* **What is expected**
Your task is to repeat the lines below exactly, excluding any pictures they contain.

* **Stored entries**
= = = = = = =

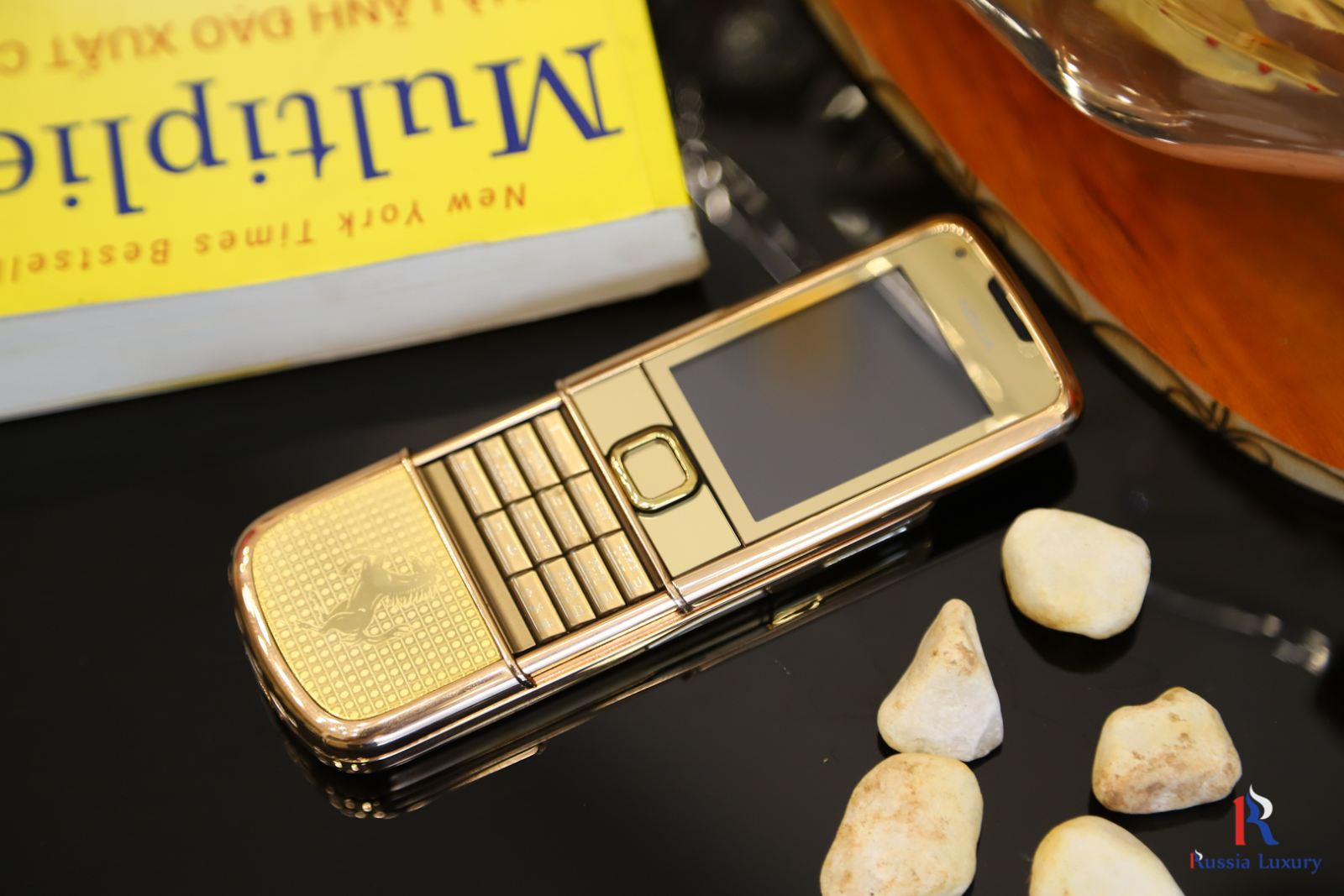 điện thoại Nokia 8800 vàng hồng Carbon cũ 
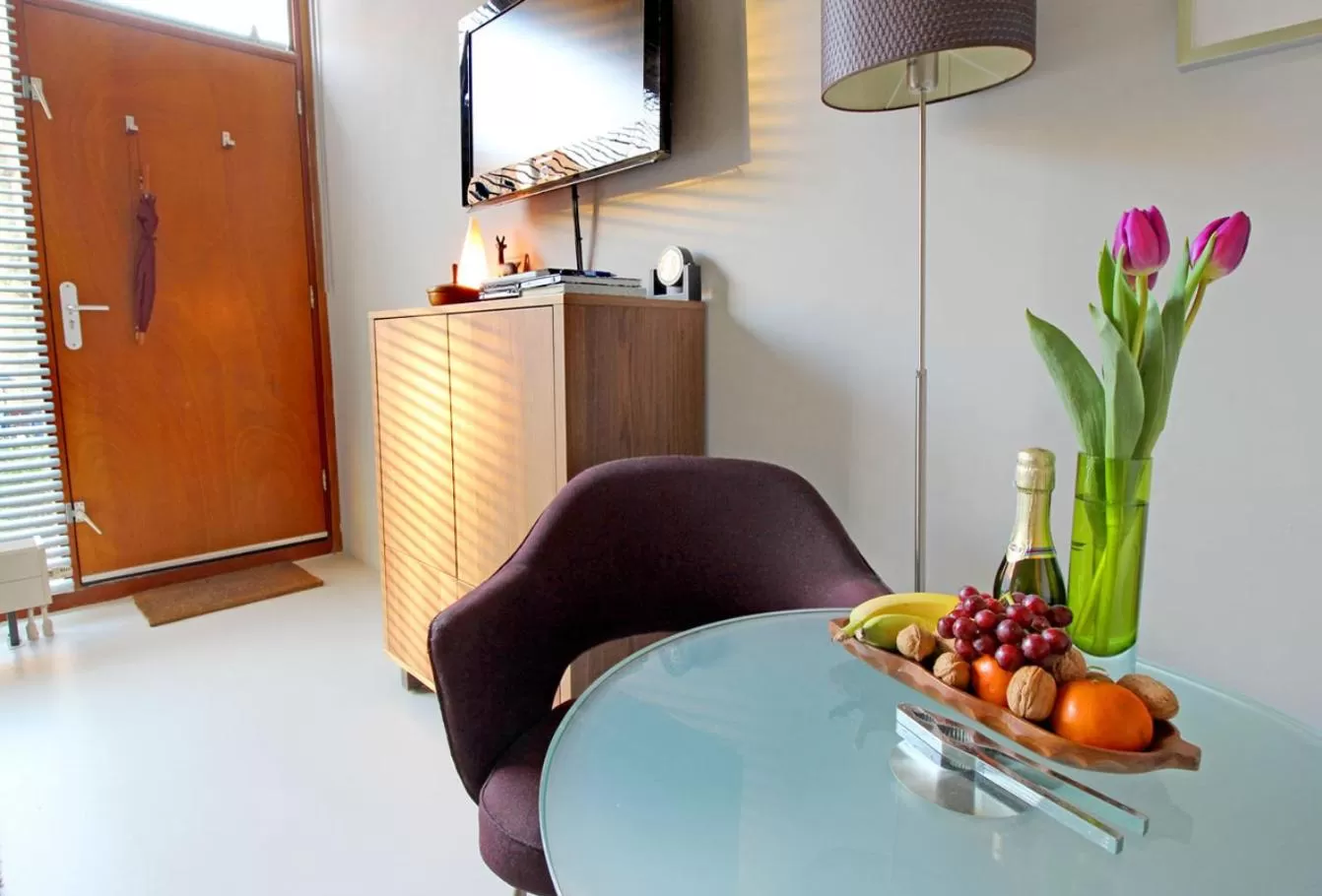 Seating area in Eastendroom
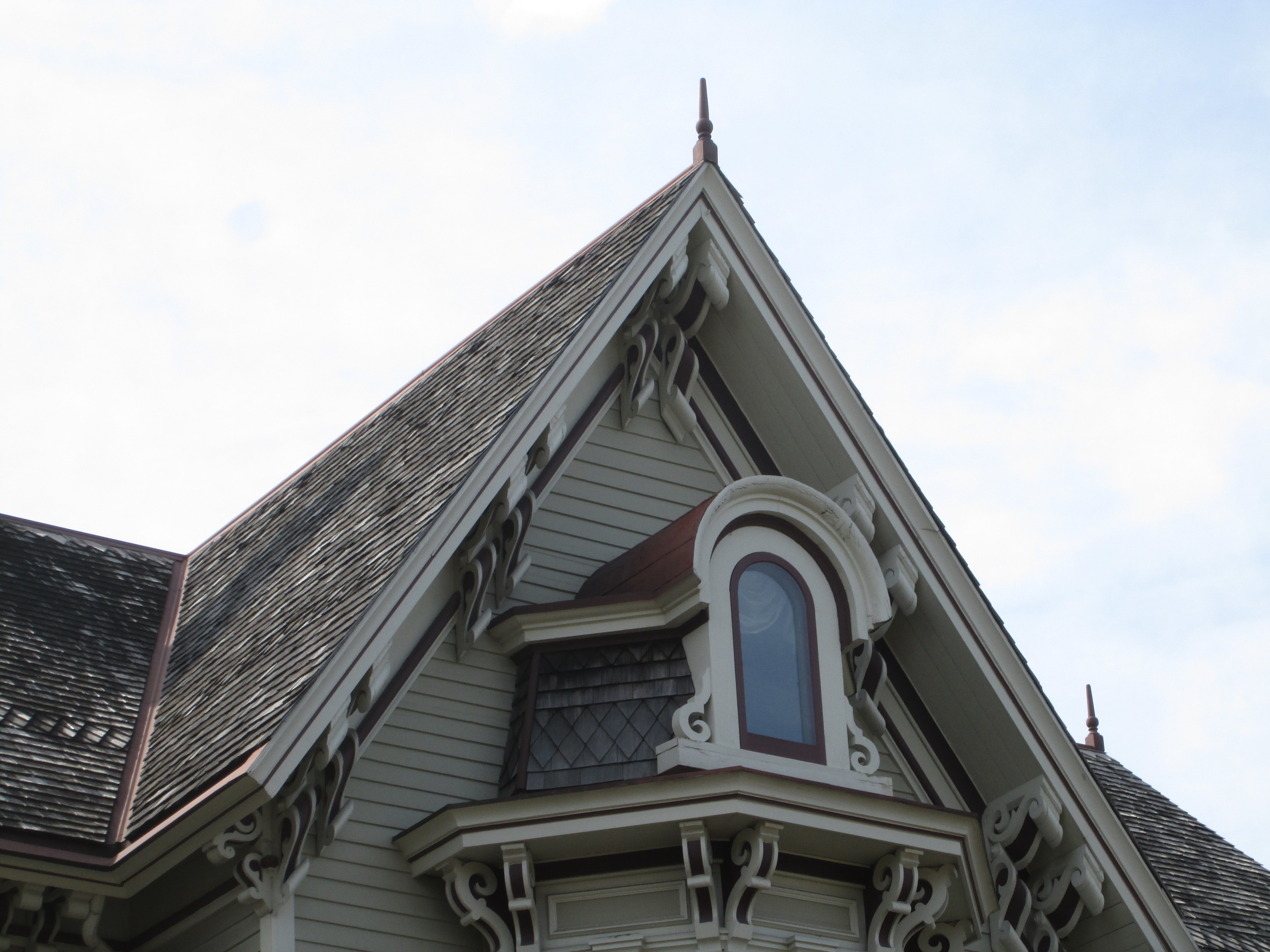 Gifford 155 S attic window.JPG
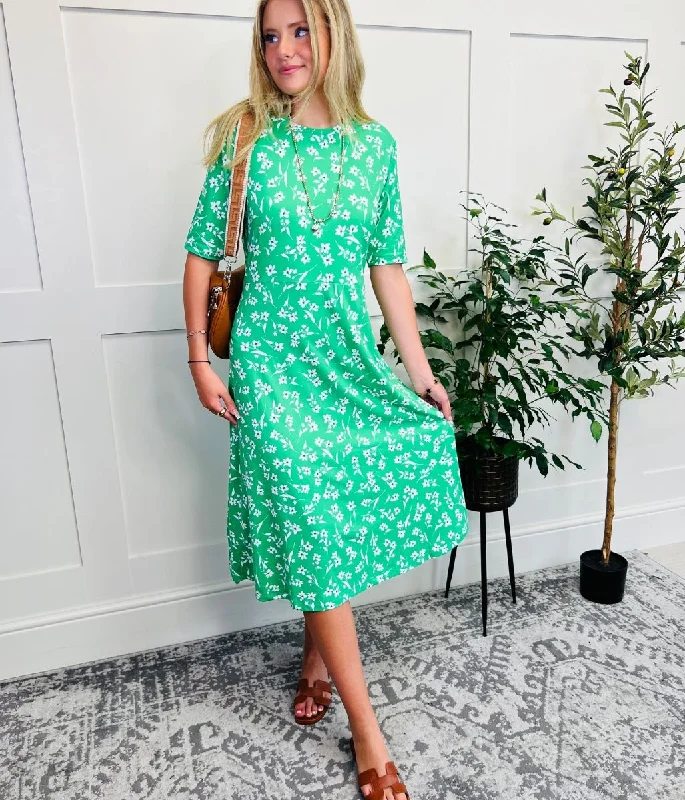 Green & White Printed Stretch Fit & Flare Midi Dress Stylish Halter Neck Midi Dress
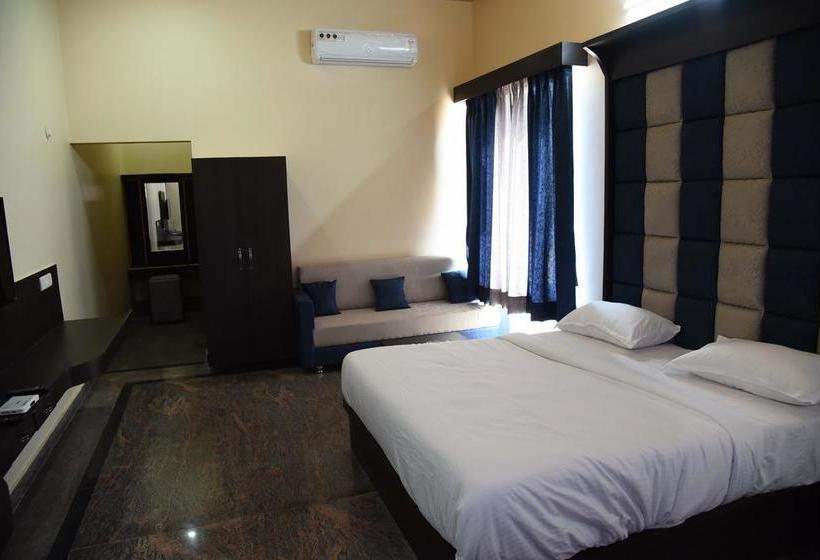 Chitrakoot Garden And Resorts 11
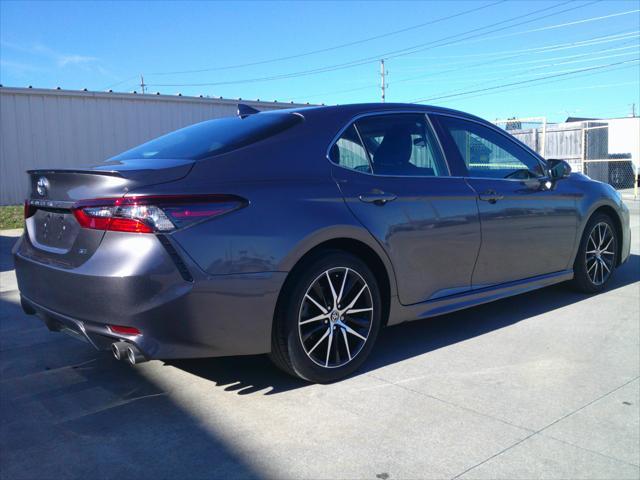 2023 toyota camry se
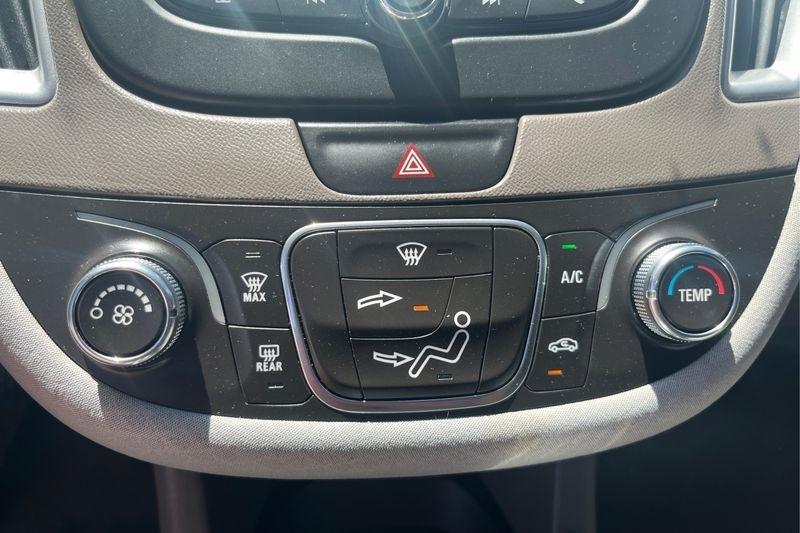 Chevrolet Malibu  2016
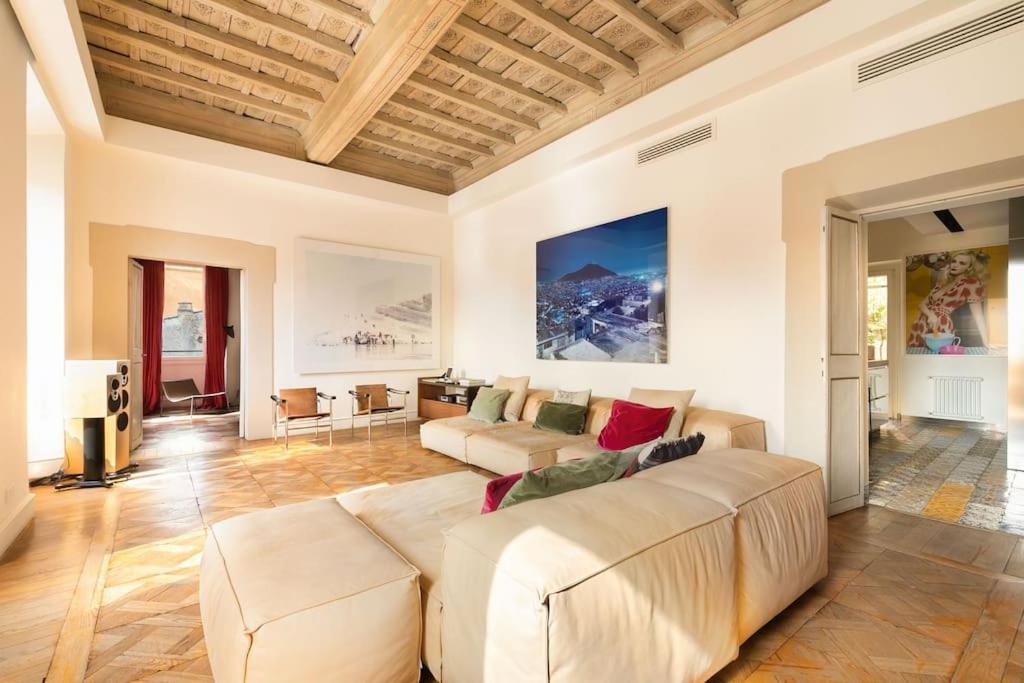 Casa Arte, a Burghesius home - 2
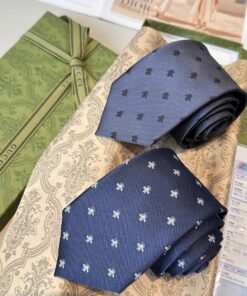 GUCCIグッチ最高峰シルク クラシック 小Gロゴ ジャガード ネクタイ 手縫い仕立て545078 4E002-10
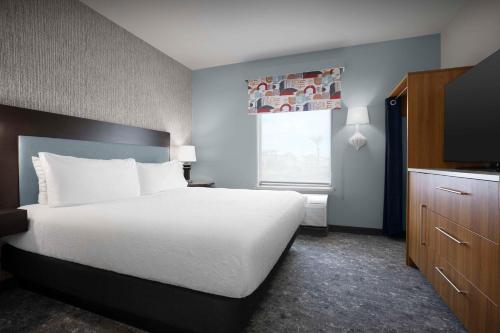 Home2 Suites by Hilton Phoenix Chandler - image 14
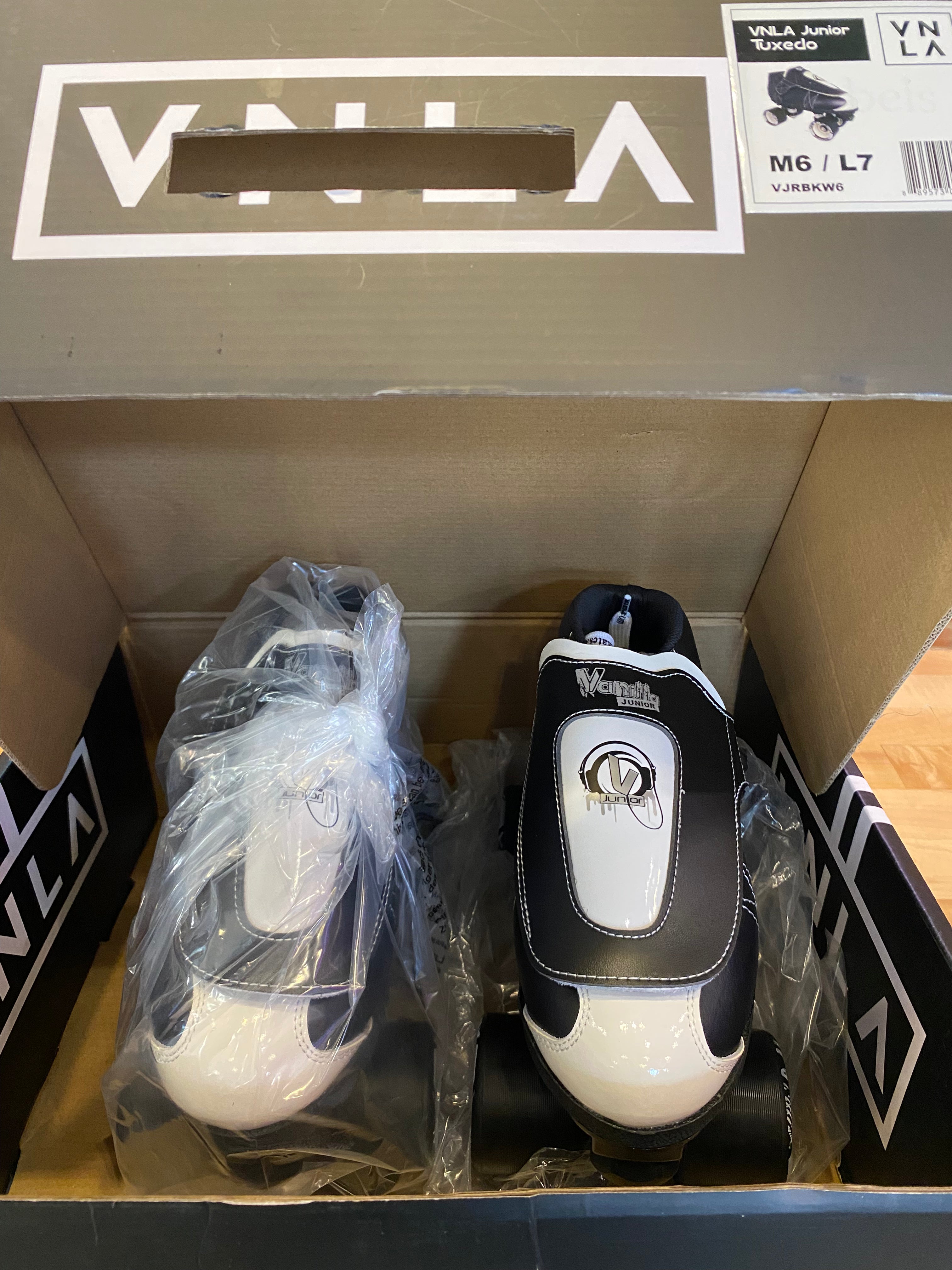 *OPEN BOX* VNLA Tuxedo sz 6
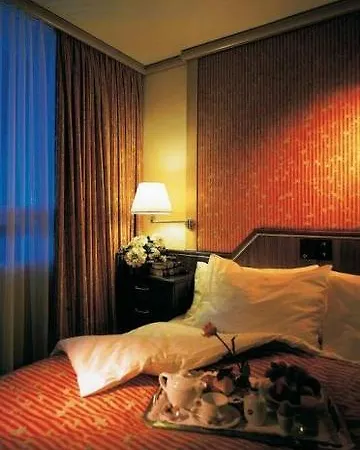 Hotel Konigin Luise 4*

= = = = = = =

* **Result of the task**
 điện thoại Nokia 8800 vàng hồng Carbon cũ 
 Seating area in Eastendroom
 Gifford 155 S attic window.JPG
 Green & White Printed Stretch Fit & Flare Midi Dress Stylish Halter Neck Midi Dress
 Chitrakoot Garden And Resorts 11
 2023 toyota camry se
 Chevrolet Malibu  2016
 Casa Arte, a Burghesius home - 2
 GUCCIグッチ最高峰シルク クラシック 小Gロゴ ジャガード ネクタイ 手縫い仕立て545078 4E002-10
 Home2 Suites by Hilton Phoenix Chandler - image 14
 *OPEN BOX* VNLA Tuxedo sz 6
 Hotel Konigin Luise 4*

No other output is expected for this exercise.